*Instructions for the task*:
In the material below, find the line containing "Next, we take" and the line containing "Hey there Team", then reproduce exactly both of them and every line between, and nothing else.

*Stored data*:
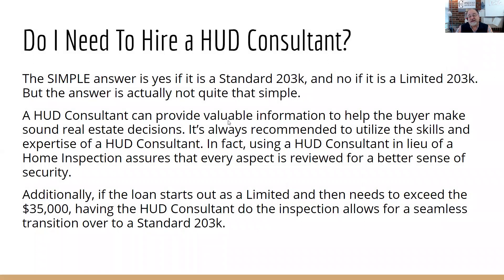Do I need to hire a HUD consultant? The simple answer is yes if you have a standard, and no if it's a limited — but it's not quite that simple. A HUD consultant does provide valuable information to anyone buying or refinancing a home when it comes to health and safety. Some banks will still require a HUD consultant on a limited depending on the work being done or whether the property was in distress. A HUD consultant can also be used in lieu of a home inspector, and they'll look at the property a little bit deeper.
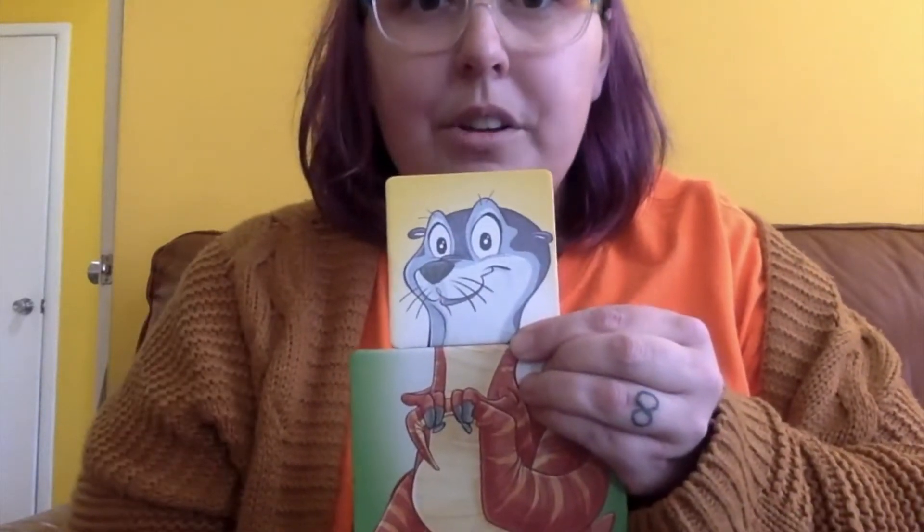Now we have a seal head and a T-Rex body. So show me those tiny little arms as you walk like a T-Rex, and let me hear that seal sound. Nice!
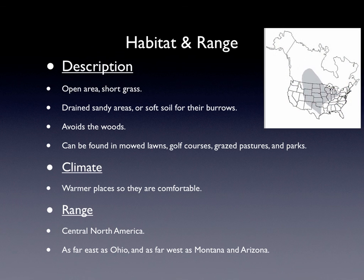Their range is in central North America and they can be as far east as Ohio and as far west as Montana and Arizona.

---

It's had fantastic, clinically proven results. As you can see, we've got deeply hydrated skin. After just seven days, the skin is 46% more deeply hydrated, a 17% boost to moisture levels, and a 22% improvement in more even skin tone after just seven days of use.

--

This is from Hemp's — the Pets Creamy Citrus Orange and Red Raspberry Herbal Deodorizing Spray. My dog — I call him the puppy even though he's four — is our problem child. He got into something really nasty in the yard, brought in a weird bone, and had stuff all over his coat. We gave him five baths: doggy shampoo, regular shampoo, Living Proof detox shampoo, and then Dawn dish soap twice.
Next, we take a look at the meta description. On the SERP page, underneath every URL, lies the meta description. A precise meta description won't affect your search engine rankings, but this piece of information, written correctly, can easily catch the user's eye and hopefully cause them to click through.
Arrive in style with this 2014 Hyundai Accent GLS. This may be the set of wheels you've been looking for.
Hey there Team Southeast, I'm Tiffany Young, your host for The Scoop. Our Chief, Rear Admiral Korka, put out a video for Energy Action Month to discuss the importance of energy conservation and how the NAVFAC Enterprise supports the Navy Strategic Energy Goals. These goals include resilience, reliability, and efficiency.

*Solution to the problem*:
Next, we take a look at the meta description. On the SERP page, underneath every URL, lies the meta description. A precise meta description won't affect your search engine rankings, but this piece of information, written correctly, can easily catch the user's eye and hopefully cause them to click through.
Arrive in style with this 2014 Hyundai Accent GLS. This may be the set of wheels you've been looking for.
Hey there Team Southeast, I'm Tiffany Young, your host for The Scoop. Our Chief, Rear Admiral Korka, put out a video for Energy Action Month to discuss the importance of energy conservation and how the NAVFAC Enterprise supports the Navy Strategic Energy Goals. These goals include resilience, reliability, and efficiency.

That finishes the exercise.